_ACTIVITY_: The task for the listing below is to write out exactly the lines starting at the one containing "16 Photograph of" and ending at the one containing "Walikota Eva Dwiana", both included. Pictures are to be omitted.
┌─ DATASET CONTENT
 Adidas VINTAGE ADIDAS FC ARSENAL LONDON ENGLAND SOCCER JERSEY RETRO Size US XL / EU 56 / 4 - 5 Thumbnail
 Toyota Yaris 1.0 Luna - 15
└─
┌─ DATASET CONTENT
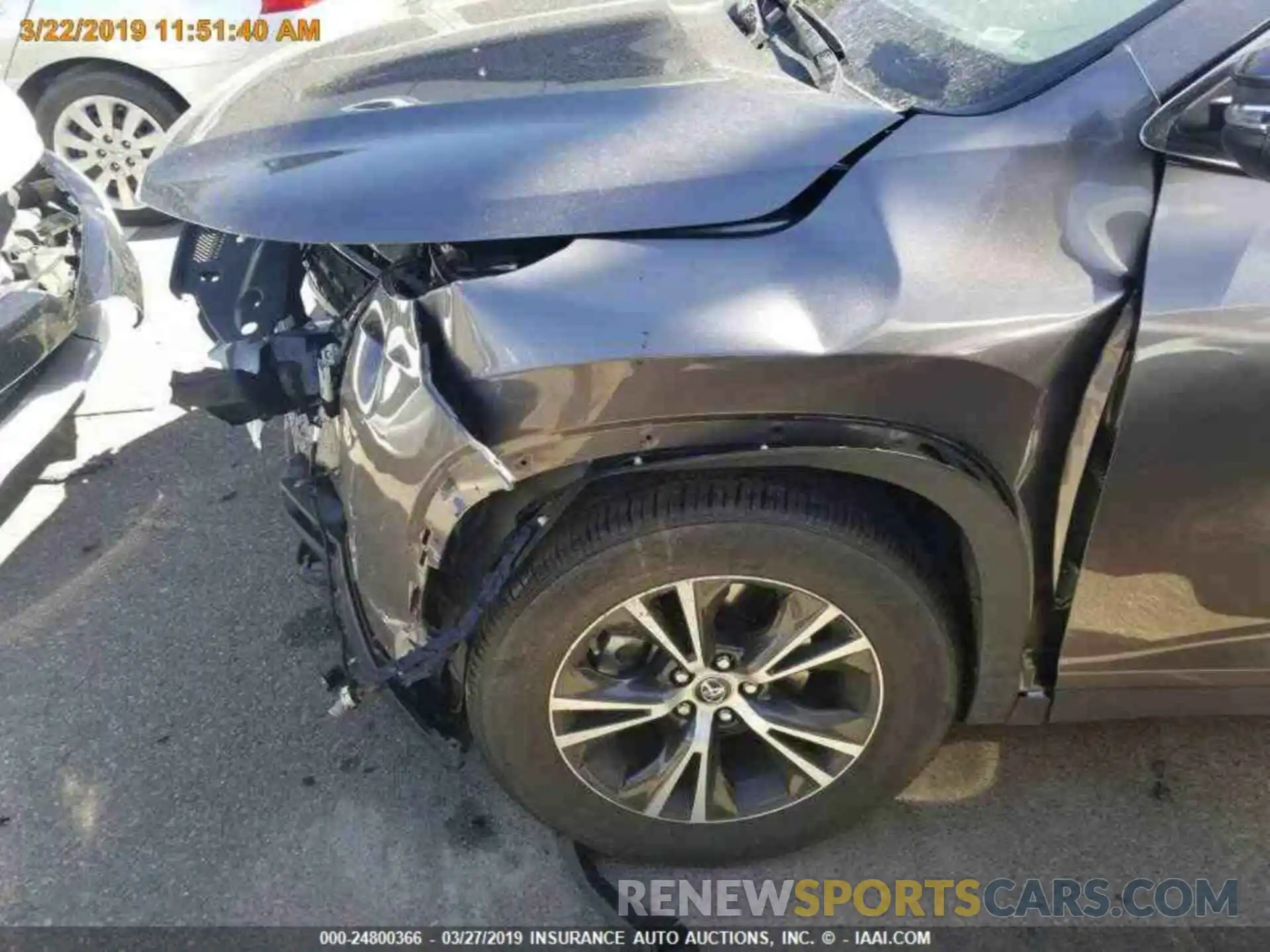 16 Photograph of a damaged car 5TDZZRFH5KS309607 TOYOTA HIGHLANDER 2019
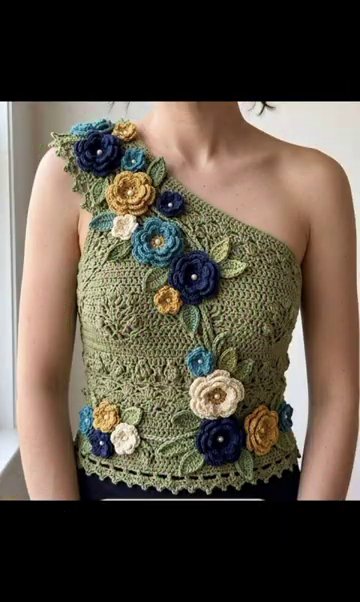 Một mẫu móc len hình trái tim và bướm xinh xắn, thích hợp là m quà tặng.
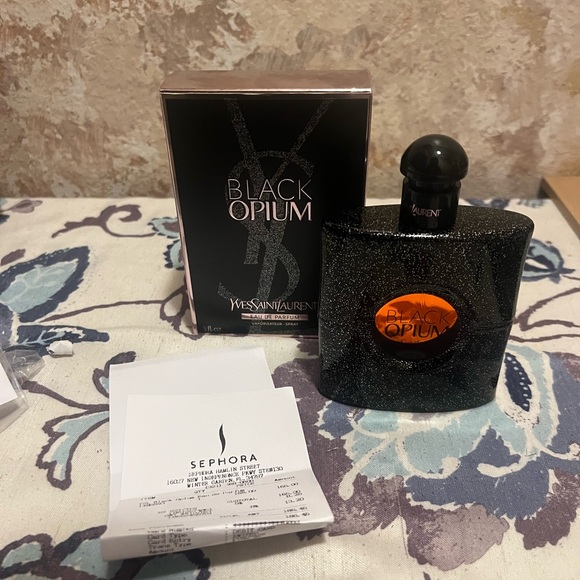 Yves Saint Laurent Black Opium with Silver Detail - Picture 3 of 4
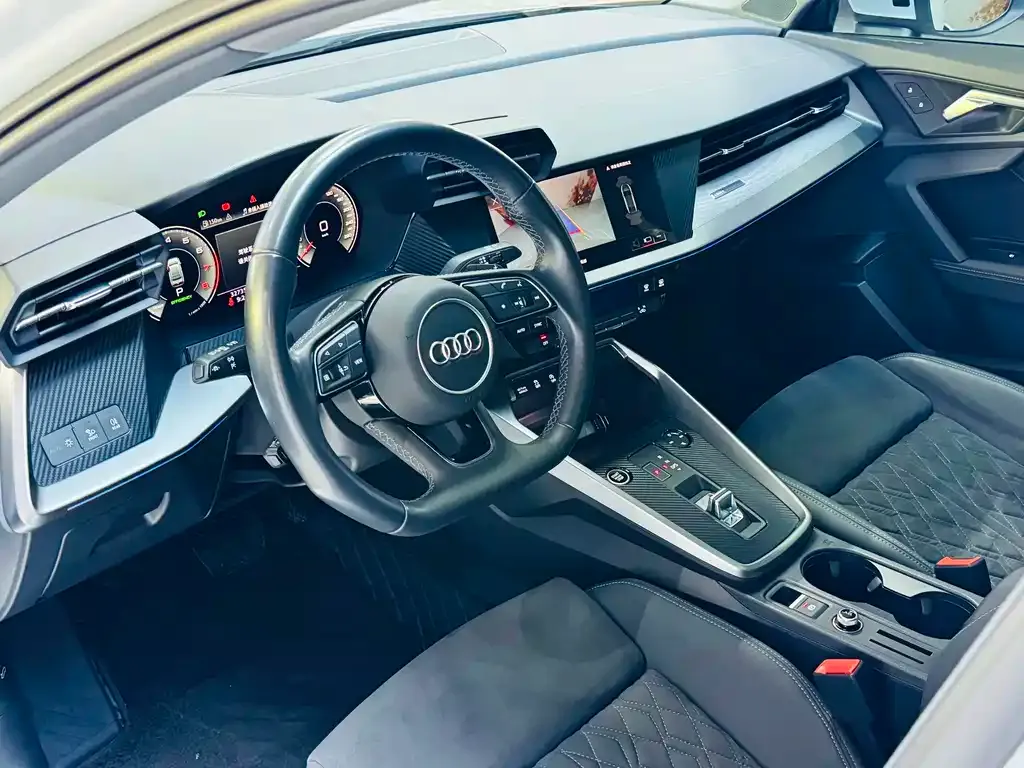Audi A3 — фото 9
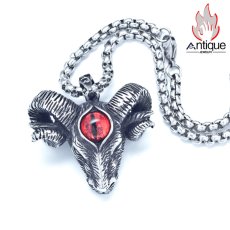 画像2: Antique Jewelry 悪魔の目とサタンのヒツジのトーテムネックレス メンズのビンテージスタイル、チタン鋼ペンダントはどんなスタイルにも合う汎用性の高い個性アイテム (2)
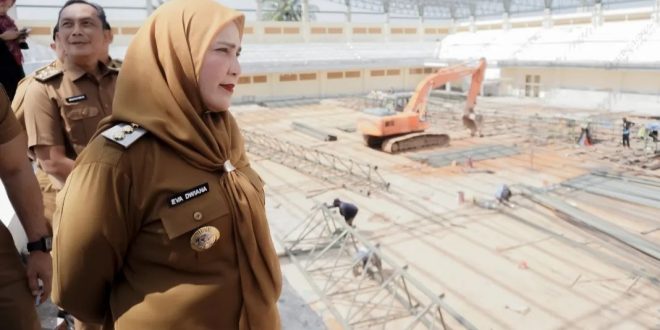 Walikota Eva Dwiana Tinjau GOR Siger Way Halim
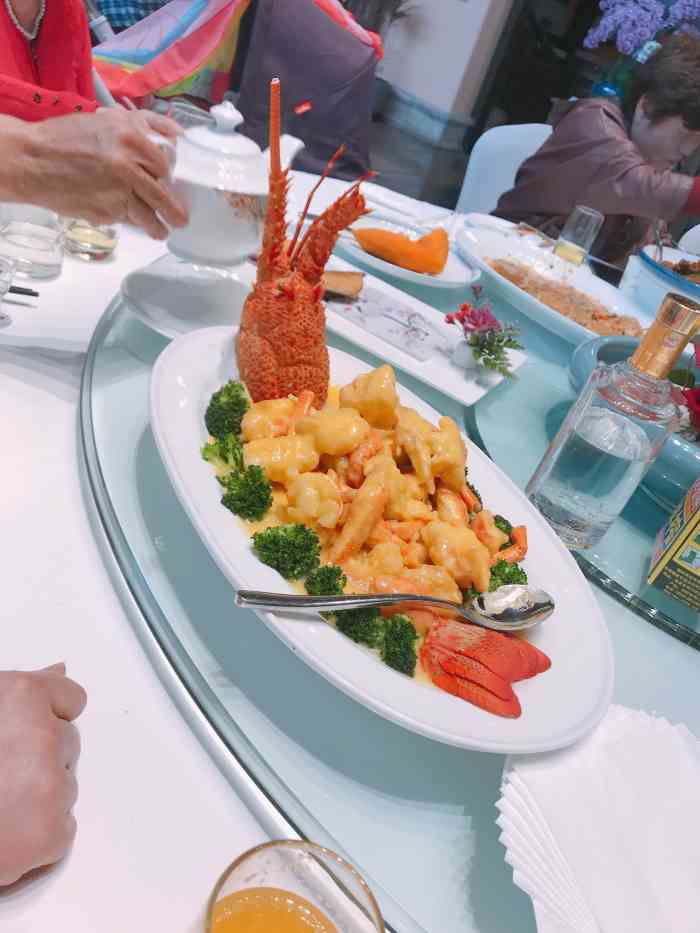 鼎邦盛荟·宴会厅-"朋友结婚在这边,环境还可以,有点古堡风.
└─
_EXERCISE SOLUTION_:
 16 Photograph of a damaged car 5TDZZRFH5KS309607 TOYOTA HIGHLANDER 2019
 Một mẫu móc len hình trái tim và bướm xinh xắn, thích hợp là m quà tặng.
 Yves Saint Laurent Black Opium with Silver Detail - Picture 3 of 4
Audi A3 — фото 9
 画像2: Antique Jewelry 悪魔の目とサタンのヒツジのトーテムネックレス メンズのビンテージスタイル、チタン鋼ペンダントはどんなスタイルにも合う汎用性の高い個性アイテム (2)
 Walikota Eva Dwiana Tinjau GOR Siger Way Halim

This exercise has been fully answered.